Keyspace describes the set of all coordinates, or hashes, used to indicate a location in a P2P network.
It is important to note that while GUIDs describe Nodes which are located in the physical world (ie: Worldspace), the hashes or keys of the data in our network are being stored in Keyspace. In more mathematical terms, you can see Worldspace as the set of all possible GUIDs, while Keyspace is the set of all possible hashes.
Fig. 1: Worldspace is incompatible with Keyspace
While this might not seem like an issue at first, consider that at the moment only the nodes themselves are aware of their own GUID. We will need a way to transmit GUIDs between nodes in the network, similarly to how we might request other data.
This becomes complicated if GUIDs are a different data type as compared to the hashes stored on the network in Keyspace, as this would require special treatment. Ideally, we would like GUIDs to be compatible with Keyspace, so we can treat them the same way as the data hashes already present.
You can think of this in the same way as vectors are incompatible with real numbers: it makes no sense to add a vector and a number together, and so we need special rules to interact between these two worlds. This makes our problems more complicated. Similarly to how it would be simpler if we could consider all real numbers as vectors, we would like for GUIDs and data hashes to be compatible.
Storing GUIDs in Keyspace proves very useful for other reasons, as it allows us to operate on GUIDs and data hashes together. For example, it allows us to define the distance between a Node's GUID and the data hashes around it, which proves essential to many P2P algorithms such as Kademlia.

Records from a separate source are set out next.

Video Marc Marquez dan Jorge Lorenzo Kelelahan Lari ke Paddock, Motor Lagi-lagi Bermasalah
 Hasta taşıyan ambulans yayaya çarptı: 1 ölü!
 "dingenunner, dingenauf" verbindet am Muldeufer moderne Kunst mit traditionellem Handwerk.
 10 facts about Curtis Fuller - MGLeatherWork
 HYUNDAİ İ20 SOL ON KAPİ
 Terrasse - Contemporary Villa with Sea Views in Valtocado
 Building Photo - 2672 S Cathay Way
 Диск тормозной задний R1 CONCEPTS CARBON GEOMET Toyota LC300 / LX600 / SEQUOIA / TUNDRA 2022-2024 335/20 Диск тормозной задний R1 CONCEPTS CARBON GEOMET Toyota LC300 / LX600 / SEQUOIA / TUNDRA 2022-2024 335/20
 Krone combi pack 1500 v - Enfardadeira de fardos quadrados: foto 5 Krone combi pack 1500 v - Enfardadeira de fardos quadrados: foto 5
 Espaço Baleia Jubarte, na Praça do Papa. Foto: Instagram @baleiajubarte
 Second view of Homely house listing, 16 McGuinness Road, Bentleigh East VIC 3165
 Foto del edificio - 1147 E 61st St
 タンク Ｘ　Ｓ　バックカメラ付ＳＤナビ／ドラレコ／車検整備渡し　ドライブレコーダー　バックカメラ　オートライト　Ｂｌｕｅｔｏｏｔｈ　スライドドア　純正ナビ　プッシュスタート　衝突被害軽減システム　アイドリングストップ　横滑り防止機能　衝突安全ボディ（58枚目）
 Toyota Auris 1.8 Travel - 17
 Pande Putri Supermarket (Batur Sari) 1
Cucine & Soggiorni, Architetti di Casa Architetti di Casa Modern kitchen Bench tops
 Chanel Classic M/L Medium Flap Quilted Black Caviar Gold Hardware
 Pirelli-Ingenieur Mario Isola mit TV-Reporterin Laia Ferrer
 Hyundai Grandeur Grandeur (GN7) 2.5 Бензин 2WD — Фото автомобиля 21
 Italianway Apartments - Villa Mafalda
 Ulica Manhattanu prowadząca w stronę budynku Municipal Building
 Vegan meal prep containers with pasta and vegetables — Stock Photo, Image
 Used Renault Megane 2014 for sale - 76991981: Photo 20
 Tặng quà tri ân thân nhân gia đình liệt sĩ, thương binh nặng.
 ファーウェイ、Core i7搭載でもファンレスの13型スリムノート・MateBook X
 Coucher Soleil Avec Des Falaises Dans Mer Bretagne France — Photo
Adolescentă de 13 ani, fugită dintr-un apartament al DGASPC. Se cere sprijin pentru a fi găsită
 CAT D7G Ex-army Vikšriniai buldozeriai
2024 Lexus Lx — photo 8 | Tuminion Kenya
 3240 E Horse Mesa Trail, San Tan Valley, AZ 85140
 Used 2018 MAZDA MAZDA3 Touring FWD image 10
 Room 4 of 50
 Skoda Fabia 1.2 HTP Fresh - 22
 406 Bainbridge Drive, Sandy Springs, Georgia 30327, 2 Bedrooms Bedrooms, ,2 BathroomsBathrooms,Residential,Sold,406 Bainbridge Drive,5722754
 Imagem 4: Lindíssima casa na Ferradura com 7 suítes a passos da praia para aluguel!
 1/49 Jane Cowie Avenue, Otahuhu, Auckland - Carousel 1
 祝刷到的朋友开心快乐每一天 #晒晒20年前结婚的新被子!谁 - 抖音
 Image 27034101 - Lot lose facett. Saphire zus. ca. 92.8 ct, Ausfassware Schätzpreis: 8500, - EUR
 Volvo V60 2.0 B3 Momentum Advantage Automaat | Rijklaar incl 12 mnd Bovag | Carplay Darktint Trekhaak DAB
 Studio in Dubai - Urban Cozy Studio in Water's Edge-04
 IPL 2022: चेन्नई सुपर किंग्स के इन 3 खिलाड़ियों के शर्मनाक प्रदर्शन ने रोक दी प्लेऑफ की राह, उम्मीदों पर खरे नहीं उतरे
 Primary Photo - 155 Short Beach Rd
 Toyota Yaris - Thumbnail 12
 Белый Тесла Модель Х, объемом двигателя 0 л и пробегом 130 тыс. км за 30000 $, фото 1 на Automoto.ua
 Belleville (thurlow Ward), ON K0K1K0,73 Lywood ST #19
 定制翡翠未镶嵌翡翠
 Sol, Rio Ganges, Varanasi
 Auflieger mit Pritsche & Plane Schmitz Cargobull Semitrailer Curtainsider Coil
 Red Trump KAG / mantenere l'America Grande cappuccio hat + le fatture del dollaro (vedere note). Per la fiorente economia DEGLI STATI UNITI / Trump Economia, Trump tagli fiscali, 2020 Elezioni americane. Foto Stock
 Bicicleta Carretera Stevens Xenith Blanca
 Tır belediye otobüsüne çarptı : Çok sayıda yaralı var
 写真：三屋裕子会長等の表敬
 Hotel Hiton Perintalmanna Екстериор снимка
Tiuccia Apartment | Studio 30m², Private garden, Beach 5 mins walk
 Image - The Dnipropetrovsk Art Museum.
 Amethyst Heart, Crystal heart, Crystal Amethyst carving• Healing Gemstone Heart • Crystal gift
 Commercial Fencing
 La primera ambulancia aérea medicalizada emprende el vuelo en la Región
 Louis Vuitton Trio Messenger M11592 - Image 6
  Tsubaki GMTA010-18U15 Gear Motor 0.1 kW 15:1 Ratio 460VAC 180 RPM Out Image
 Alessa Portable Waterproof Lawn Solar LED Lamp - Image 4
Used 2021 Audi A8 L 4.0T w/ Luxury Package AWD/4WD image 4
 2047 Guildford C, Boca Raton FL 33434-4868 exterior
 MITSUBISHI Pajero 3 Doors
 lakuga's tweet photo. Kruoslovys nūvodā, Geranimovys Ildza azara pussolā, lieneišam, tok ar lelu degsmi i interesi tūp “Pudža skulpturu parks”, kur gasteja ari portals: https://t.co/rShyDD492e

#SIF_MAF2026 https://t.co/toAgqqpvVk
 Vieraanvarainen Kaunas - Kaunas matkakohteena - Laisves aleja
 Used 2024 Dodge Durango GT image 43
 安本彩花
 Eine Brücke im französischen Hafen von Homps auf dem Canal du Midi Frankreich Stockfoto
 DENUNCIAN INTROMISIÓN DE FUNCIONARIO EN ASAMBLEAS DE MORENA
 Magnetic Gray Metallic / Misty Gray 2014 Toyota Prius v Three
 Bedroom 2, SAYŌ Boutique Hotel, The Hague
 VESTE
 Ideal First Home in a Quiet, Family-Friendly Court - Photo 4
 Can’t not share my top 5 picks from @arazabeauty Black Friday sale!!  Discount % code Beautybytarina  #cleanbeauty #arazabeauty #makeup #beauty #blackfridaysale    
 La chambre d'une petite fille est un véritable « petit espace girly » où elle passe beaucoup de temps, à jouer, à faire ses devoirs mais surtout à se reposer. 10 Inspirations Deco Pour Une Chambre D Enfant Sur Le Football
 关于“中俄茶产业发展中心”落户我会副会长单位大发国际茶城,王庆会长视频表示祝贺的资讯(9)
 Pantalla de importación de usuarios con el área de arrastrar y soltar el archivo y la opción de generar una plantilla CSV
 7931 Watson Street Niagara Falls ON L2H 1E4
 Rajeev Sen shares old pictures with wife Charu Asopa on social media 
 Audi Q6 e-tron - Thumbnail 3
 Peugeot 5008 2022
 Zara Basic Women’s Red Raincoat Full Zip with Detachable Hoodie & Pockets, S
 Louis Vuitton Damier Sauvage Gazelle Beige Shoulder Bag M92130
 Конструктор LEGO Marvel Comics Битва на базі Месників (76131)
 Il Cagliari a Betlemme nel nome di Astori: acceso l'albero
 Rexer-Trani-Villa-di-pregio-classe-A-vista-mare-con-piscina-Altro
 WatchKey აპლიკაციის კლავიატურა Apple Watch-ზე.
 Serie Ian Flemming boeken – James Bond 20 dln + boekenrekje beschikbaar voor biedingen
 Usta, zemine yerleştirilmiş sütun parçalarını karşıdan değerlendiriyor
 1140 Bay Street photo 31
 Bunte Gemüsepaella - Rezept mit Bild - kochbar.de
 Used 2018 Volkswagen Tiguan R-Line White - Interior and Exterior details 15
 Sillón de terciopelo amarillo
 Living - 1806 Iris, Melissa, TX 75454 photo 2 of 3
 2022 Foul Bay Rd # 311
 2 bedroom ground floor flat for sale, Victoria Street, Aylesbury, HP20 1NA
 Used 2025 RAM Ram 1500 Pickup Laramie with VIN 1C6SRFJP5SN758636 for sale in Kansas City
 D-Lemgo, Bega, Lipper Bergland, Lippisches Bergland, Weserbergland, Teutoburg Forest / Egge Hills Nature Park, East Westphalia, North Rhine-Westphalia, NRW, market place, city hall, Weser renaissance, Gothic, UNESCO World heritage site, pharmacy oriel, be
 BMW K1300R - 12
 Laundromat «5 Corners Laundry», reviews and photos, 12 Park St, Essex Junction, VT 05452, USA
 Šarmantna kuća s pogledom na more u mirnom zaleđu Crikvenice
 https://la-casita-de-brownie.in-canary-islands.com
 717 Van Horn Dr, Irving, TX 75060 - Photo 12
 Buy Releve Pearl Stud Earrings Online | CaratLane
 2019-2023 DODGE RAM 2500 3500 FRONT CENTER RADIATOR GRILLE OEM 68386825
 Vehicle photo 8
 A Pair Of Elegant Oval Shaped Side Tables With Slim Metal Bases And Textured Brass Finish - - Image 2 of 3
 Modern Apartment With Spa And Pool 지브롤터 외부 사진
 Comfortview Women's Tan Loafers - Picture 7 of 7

In general, we would like to be able to reason about GUIDs and data hashes together, not separately.
Fig. 2: Moving GUIDs to Keyspace allows us to operate on GUIDs and data hashes simultaneously
This is all very mathematical, so I will try and break it down into simpler terms:
-
The issue at hand is that we have two different data types: GUIDs, and data hashes. These data types are not necessarily compatible: GUIDs apply to objects in the real world, in Worldspace, while data hashes apply to information we store in a P2P network, in Keyspace.
-
Here, Worldspace can be seen as all the possible values of our pseudorandom hash function, and Keyspace as all the possible value of our cryptographic hash function. These can be very different, which makes them incompatible, like vectors and real numbers: this is an issue, as discussed before.
-
We want the cryptographic hash function we use to generate GUIDs to be compatible with the pseudorandom hash function used to generate data hashes. In the same ways that negative numbers are compatible with positive numbers, we want GUIDs to be compatible with data hashes.
This can be achieved by using the same function to generate both GUIDs and data hashes.
Benefits of Identity in P2P Networks
Establishing identity in a P2P network through GUIDs for Nodes and hashes for the data we store in our network allows for the easy and efficient exchange of information between Nodes, while the combination of GUIDs and data hashes into the same space allows for easy comparison and operations between the two.
These are the first steps in the algorithms which form the base of the many existing P2P protocols, so it is important you grow familiar with them: they will be instrumental in understanding the following sections on Chord and Kademlia.